You will want netting for your quarantine tank to prevent your new discus from jumping right out of the tank. Having the netting will also prevent predators such as household cats, and even some dogs from eating your discus right out of your quarantine tank.
You will want to have at least a couple of pounds of non-iodized salt on hand for your quarantine tank. It is even better if you can find kosher salt as kosher salt is a better option for your quarantine tank. Salt helps with skin conditions or parasites which the discus may be suffering from.
The support equipment you will require for your quarantine tank includes: nets, siphons and buckets. Most of these items can be bought from any local aquarium supply store.
You will need either masking tape, packing tape or duct tape for your quarantine tank set up. You will need it to install the blue insulation foam around the quarantine tank as well as to connect tubing together.
Seeings how you need to monitor the quarantine tank temperature frequently, to make the task easier, you should have a thermometer attached right to the inside of the tank for easy viewing. Small outdoor thermometers will work for the task, or any aquarium thermometer will work as well.
As with your regular discus aquarium, you need to make sure that the water pump you have circulating the water in your quarantine tank is not moving a large amount of water, as discus need slow moving to still water.
Water Testing Kit:
For checking the pH, nitrate levels, salt levels, chlorine levels, and ammonia levels you will need to purchase a water testing kit for your quarantine tank.
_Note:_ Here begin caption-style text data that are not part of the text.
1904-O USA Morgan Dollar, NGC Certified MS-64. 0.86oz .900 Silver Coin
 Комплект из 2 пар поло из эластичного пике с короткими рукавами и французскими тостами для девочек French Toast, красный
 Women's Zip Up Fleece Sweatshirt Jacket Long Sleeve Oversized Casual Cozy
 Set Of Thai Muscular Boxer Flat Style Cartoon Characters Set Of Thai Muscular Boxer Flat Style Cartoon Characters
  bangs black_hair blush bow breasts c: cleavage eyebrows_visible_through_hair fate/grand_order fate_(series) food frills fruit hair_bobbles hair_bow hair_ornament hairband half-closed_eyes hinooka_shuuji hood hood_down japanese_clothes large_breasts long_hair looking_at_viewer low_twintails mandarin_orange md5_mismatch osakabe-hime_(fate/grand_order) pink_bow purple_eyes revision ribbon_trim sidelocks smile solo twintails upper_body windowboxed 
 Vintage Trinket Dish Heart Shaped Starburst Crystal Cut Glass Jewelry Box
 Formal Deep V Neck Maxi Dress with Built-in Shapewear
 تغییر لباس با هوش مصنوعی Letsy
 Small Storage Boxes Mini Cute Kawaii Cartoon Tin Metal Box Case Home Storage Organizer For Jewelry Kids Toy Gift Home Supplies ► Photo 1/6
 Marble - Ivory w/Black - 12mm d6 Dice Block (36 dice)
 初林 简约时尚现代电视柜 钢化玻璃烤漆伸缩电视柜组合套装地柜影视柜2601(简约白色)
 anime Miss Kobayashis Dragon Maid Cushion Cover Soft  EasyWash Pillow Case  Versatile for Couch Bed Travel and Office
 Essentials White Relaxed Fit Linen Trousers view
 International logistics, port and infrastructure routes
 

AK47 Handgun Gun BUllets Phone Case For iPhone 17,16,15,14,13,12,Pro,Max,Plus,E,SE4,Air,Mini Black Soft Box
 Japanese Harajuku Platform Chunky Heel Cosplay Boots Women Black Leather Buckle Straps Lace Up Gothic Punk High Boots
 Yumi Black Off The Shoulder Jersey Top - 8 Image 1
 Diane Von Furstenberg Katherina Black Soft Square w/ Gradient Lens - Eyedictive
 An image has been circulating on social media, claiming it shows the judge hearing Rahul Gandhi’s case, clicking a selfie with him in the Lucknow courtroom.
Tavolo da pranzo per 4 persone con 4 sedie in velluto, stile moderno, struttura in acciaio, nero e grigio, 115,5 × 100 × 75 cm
These water testing kits can be purchased at any aquarium supply store.
Add-On Bottom Drains:
The add-on drains are a nice added feature for draining your quarantine tank easily. They come with two inch PVC pipe which is easily installed over the edge of the quarantine tank. The add-on drains cut your quarantine tank emptying time in half, making them a wise investment.
A Bead Filter:
A bead filter is a filter that is designed to both remove floating debris and biological elements in the same machine. This filter is one of the best kinds you can buy for your quarantine tank as it is very easy to maintain.
A Salt Meter:
One of the most important aspects of the quarantine tank, is to keep the salinity at a constant three percent. Having a salt meter, takes all the guess work out of keeping this level of salinity in your quarantine tank.
If your quarantine tank is located inside where it doesn’t get any access to sunlight you will want to purchase a couple of full spectrum UVA and UVB fluorescent lights to hang above it. These lights will help to help the discus maintain their color for their extended stay in the quarantine tank.